For the role of Bruce Wayne, Bale bulked up big time, gorging himself on ice cream and pizza while pushing himself through a gruelling exercise regime.
Bale revealed he had ended up taking things too far the other way, and actually had to beef down before shooting could begin:
Actually, I gained too much weight in the run up to Batman Begins. I wasn’t the size that Christopher Nolan wanted, so I had to cut down 20lb or so just before shooting – I was a lot beefier at first.
That cutting down was achieved by going on a calorie deficit and running more and for longer. I cut a lot of the carbs out of my diet for those few weeks as well.
As one of the most divisive figures in American political history, the role of Dick Cheney was always going to be a tricky one to navigate. Looks-wise too, this would be no easy feat for Bale, who bears very little physical resemblance to Cheney.

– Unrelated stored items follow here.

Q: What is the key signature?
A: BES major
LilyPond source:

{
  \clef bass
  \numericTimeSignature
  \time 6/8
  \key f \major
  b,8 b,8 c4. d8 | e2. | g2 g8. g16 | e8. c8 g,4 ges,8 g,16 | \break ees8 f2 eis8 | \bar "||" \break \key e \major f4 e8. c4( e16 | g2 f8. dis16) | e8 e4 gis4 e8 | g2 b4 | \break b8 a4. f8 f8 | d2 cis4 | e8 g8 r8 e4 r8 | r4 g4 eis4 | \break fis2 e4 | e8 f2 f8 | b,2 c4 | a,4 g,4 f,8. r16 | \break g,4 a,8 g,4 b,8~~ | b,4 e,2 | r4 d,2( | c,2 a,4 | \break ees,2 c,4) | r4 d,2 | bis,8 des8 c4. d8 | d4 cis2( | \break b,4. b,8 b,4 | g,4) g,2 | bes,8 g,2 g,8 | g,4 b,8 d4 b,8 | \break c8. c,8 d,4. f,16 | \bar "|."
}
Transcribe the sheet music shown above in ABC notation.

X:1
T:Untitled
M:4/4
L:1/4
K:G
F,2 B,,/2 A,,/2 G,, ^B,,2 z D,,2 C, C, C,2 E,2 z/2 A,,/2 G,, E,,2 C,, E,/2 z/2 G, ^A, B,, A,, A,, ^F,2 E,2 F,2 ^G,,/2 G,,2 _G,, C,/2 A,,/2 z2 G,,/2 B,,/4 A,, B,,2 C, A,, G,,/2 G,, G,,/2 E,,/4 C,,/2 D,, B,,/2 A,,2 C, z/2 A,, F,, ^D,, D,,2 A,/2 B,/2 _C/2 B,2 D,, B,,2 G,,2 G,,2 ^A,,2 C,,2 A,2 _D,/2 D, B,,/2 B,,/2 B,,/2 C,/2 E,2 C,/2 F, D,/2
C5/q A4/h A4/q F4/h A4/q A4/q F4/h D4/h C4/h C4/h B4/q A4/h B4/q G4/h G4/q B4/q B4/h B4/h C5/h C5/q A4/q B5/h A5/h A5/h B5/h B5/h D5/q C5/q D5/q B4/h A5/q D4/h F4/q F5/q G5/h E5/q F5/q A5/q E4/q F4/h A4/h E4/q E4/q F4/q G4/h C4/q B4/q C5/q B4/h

Bale, who was 44 at the time, portrayed the former vice president at five stages in his life. In his most unrecognisable scenes, Bale channelled Cheney as a man in his late seventies, reflecting on his life, choices and controversial political career.
In order to convince the audience, Bale spent up to eight hours a day in makeup during filming, and had his scalp shaved and eyebrows bleached to ensure his head would be a good canvas for thinning wigs and realistic neck prosthetics.

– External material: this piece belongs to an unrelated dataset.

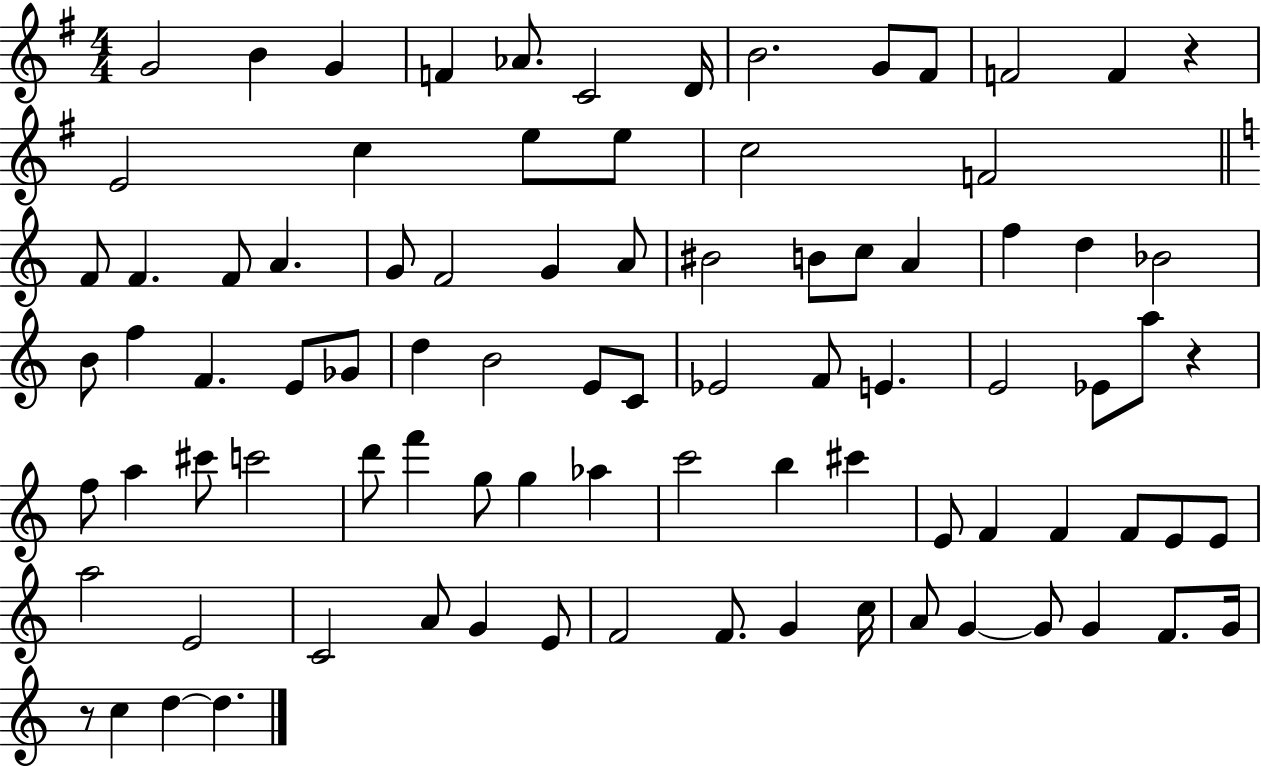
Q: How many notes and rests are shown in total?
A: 88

Bale was totally dedicated to internalizing ‘the essence’ of Cheney, studying hundreds of pieces of footage to capture his tough, ruthless persona.
In fact, Bale ended up with so many pics of Cheney that his iPhone began automatically generating nostalgic clip montages of these ‘memories,’ complete with uplifting music.
As with other roles, Bale shifted his weight dramatically to achieve a greater likeness, piling on an astonishing 40lbs.
1. The Machinist (2004)
The character of psychologically damaged factory worker Trevor Reznik (Bale) is one that lingers long after the closing credits, with Reznik’s pale, gaunt physique being a grim manifestation of the intense turmoil and exhaustion gnawing away within.
When shirtless, it becomes evident that Reznik is completely emaciated, a worn down wreck of the healthy, bright eyed man we glimpse in fleeting flashbacks. Every rib juts from his protruding ribcage, while his stomach is sunken to an alarming extent.
It’s difficult to believe that we are looking at a living person during such scenes, let alone an actor known for his strength and resilience. And yet, famously, Bale actually did look like this while filming the dark drama.
Bale reportedly dropped an approximate 62lbs in the four months prior to the making of the film, an amount some have claimed to be the most shed by any actor for any role in the history of cinema.
It’s also been claimed that Bale wanted to drop down even further, to 100lbs. However, the producers understandably wouldn’t allow him to out of fear that this could seriously endanger his health.
To achieve this skeletal look, Bale apparantly lived off a diet consisting of tuna, apples, water, coffee and the occasional whiskey, adding up to an alarmingly low total of 200 calories a day.
A very Happy Birthday to Christian Bale, whatever form he may be taking right now.